Minister of War
- In office 1973–1990
- Preceded by: Heinrich Mark
- Succeeded by: Jüri Toomepuu

Personal details
- Born: 15 November 1899 Viluvere, Livonia, Russian Empire
- Died: 27 August 1990 (aged 90) Deerfield, New Jersey, United States

= Avdy Andresson =

Estonian politician (1899–1990)

Avdy Andresson (15 November 1899 in Viluvere, Estonia – 27 August 1990 in Deerfield, New Jersey, United States) was the Estonian Minister of War in exile from April 3, 1973, until two months before his death on June 20, 1990, and disputed Commander of Armed Forces (Sõjavägede Juhataja) from 14 October 1975.

==Life==
Born and raised in Estonia, which was then part of the Russian Empire, Andresson served in the Czarist Cavalry during World War I. During the Estonian War of Independence against Bolshevist Russia from 1918 until 1920 Andresson served in the 1st Cavalry Regiment of the Estonian Army and from 1920 to 1940 in the Cavalry Regiment and the Ministry of War's Horse Breeding Station as a non-commissioned officer and a veterinarian.

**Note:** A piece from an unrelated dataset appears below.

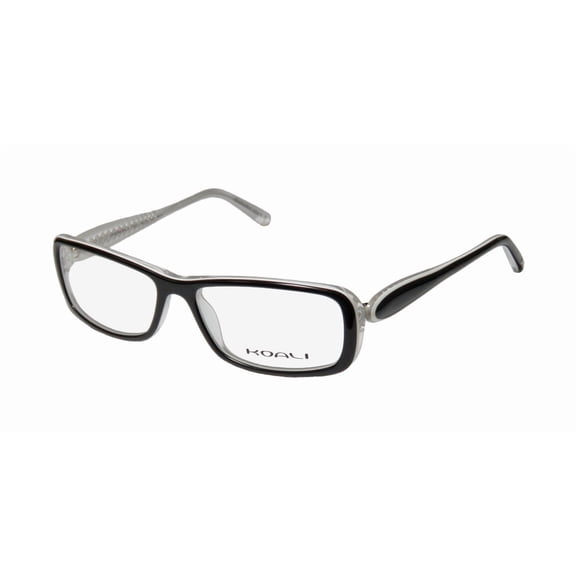 NEW KOALI 7182K WOMENS/LADIES DESIGNER FULL-RIM BLACK / WHITE / CLEAR FRAME DEMO LENSES 54-15-130 EYEGLASSES/EYEGLASS FRAME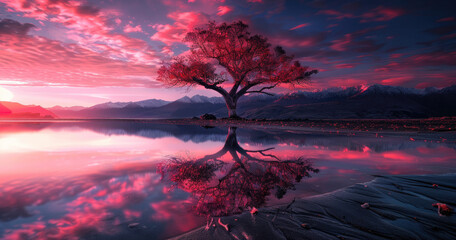 Sticker - A beautiful tree stands alone on the shore of Lake clean water, New Zealand. The sky is painted with vibrant pink and purple hues as dusk falls over both mountains.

During the Soviet invasion and occupation of Estonia in 1940, during World War II, Andresson served in Wehrmacht Cavalry division from 1940 until 1945.

Following Germany's defeat Andresson fled to the United States of America with his second wife Hilda Andresson (née Vilms, the widow of Juhan Piirimaa). In 1960, he was elected president of the Union of Estonian Freedom Fighters (Eesti Vabadusvõitlejate Liit). For years, he published a monthly Estonian Freedom Fighters bulletin called Virgats, and was instrumental in the construction of a granite monument in their honor on the grounds of the Lutheran Church in Northville, New Jersey. From 1973 until 1990, Andresson served as the Minister of War in Exile.

Andresson died in Deerfield, New Jersey, and was interred at the Northville Estonian Lutheran Cemetery in Cumberland County, New Jersey. His wife Hilda died in 1995 and was interred next to him.

==Acknowledgements==
- Order of the Cross of the Eagle, Class III. 24 February 1938.